_Work request_. Below are some records; output exactly the lines from the line with "MELISSA ODABASH BABY" to the line with "Настоящее золото 14K", both ends kept, and nothing more.

_Provided information_.
┌──
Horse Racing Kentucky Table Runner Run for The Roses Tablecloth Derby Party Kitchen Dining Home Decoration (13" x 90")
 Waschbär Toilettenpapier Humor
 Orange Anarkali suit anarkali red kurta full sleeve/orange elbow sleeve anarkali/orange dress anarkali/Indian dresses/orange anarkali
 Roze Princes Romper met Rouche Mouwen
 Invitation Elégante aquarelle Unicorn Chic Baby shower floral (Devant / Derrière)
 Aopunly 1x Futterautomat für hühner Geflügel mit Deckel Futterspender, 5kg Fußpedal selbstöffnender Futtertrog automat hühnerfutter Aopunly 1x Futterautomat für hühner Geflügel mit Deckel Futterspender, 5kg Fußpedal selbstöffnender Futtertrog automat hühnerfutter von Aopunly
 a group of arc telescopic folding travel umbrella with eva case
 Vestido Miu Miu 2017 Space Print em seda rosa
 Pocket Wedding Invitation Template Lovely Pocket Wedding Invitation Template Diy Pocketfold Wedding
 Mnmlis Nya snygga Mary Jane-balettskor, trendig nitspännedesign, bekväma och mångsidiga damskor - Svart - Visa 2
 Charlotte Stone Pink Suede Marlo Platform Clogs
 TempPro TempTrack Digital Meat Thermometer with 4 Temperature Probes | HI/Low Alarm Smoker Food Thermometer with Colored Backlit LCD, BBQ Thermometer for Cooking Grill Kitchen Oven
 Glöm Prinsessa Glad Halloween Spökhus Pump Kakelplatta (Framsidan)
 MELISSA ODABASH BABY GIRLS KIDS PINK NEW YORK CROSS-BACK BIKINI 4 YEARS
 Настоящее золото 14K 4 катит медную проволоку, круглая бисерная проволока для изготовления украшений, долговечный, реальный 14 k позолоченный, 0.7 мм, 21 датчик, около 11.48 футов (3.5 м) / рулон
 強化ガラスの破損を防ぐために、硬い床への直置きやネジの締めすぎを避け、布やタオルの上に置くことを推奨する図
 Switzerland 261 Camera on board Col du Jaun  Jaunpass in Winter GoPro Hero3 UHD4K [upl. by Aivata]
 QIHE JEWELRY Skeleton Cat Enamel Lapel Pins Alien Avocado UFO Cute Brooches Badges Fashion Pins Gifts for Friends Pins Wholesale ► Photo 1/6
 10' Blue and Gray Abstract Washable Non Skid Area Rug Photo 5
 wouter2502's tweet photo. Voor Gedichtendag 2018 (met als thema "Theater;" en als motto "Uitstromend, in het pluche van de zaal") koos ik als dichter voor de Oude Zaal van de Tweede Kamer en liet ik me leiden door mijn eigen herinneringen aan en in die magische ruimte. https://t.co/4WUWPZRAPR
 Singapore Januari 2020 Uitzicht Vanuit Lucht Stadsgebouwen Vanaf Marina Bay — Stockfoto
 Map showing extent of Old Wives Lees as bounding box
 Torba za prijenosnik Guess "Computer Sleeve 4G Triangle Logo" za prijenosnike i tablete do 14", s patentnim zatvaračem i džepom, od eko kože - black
└──
_Your solution_.
 MELISSA ODABASH BABY GIRLS KIDS PINK NEW YORK CROSS-BACK BIKINI 4 YEARS
 Настоящее золото 14K 4 катит медную проволоку, круглая бисерная проволока для изготовления украшений, долговечный, реальный 14 k позолоченный, 0.7 мм, 21 датчик, около 11.48 футов (3.5 м) / рулон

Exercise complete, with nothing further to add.